Streamlining Law Degree Programs for Better Efficiency and Outcomes
As law school applications continue to fall, law schools are finding it more and more difficult to secure their student rosters. As a result, they’re trying desperately to reconfigure their programs and come up with new ways to encourage high school and college students to choose law as a profession.
The most current enticement dealt with shortening law programs in order to decrease tuition and promote a faster degree. Unfortunately, many schools had mixed results—some good, some bad—with two-year law degree programs.
However, even Tomas Edison succeeded in discovering 99 ways how not to make a light bulb before he succeeded. Some critics may argue that the disadvantages of a two-year program outweigh the good and call for an end to this experiment. But there’s another way: law schools can use the emerging evidence of what works (and what doesn’t) to refine and streamline their two-year degree programs.
Revamping, Revising, and Learning From Experience
It’s certainly arguable that a student who plans to go into criminal law won’t benefit much from a mandatory course on maritime and admiralty law. One of the main problems with two-year law programs is that the American Bar Association requires the same amount of credits to be completed, no matter the timeframe. Students are overwhelmed with irrelevant classes that fail to prepare them for the real world. They become “burned out” on impractical and useless workloads, instead of using that time and energy to acquire real-world experience.

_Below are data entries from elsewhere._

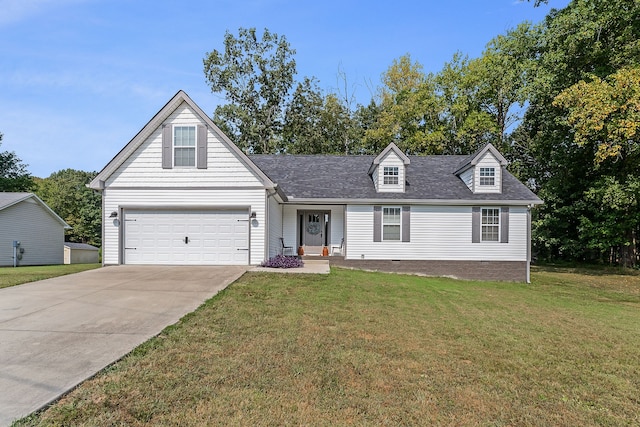 cape cod home with a garage and a front lawn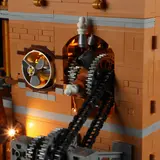 Close-up of glowing external gears and fan.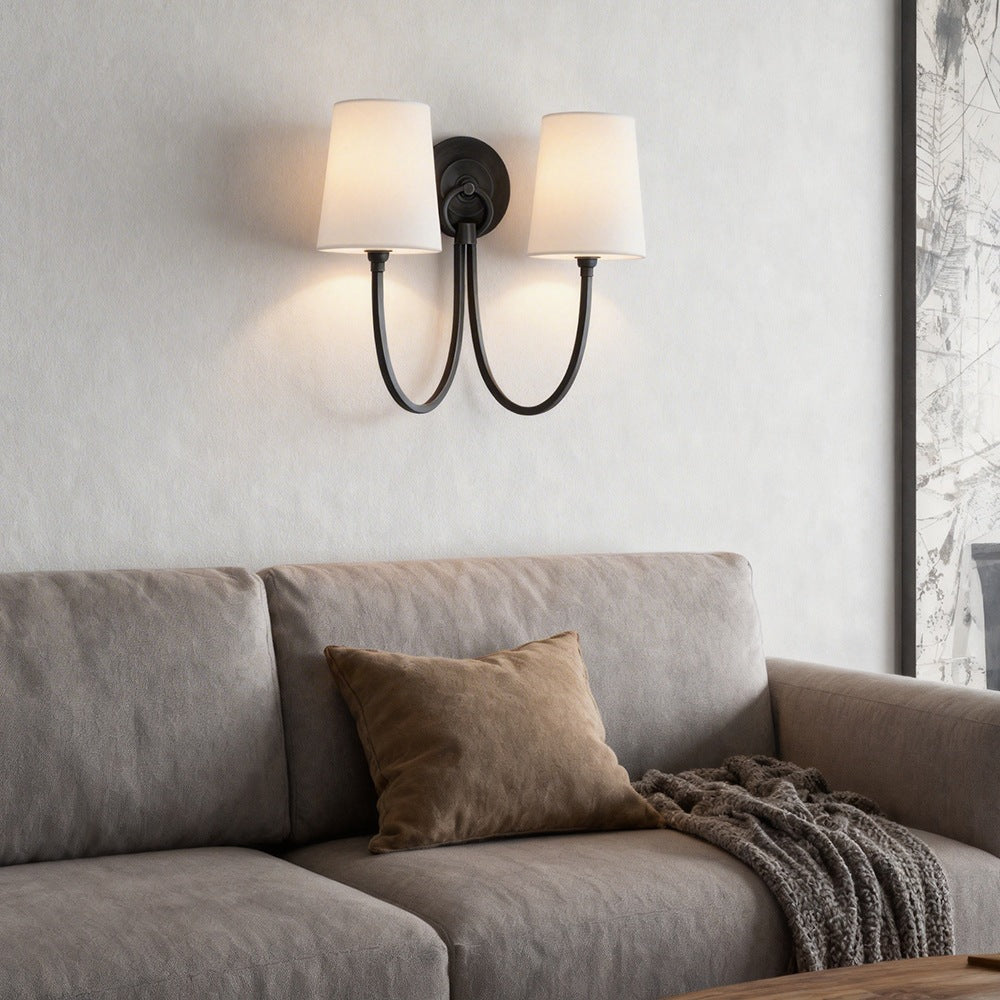 Zetecia Vintage Brass Wall Light Fabric Shade LED Wall Sconce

It’s true that real-world law firms want lawyers with the critical-thinking skills they learn in law school, but they also want to know that those skills have been practically used. As such, law schools are beginning to revamp their law degree programs not only to condense studies, but also include to opportunities to acquire professional experience in lieu of unnecessary credits. These changes include the potential for the following:
- Third-year internship advancements. Rather than being forced to take miscellaneous courses to get the requisite graduation credits, students have the opportunity to participate in a school sponsored internship program in order to complete credit hours. Due to time constraints, this usually adds a year to the two-year program…but it’s a year of practical experience, not a year spent in the classroom and library.
- Practical education enticements. Some schools, such as the University of California’s Hastings College of the Law, have begun programs that lop off the last year of academic classes altogether. Instead, students gain hands-on experience by spending their final year in places like a district attorney’s office, where they learn tasks like taking depositions and filing legal motions.
- Workplace commitment incentives. Students commit to continue working for their internship apprentice for a year following their graduation. Once committed, they’ll receive an annual stipend from either the school or employer (approximately $35,000), as well as invaluable experience that can be put on a resume.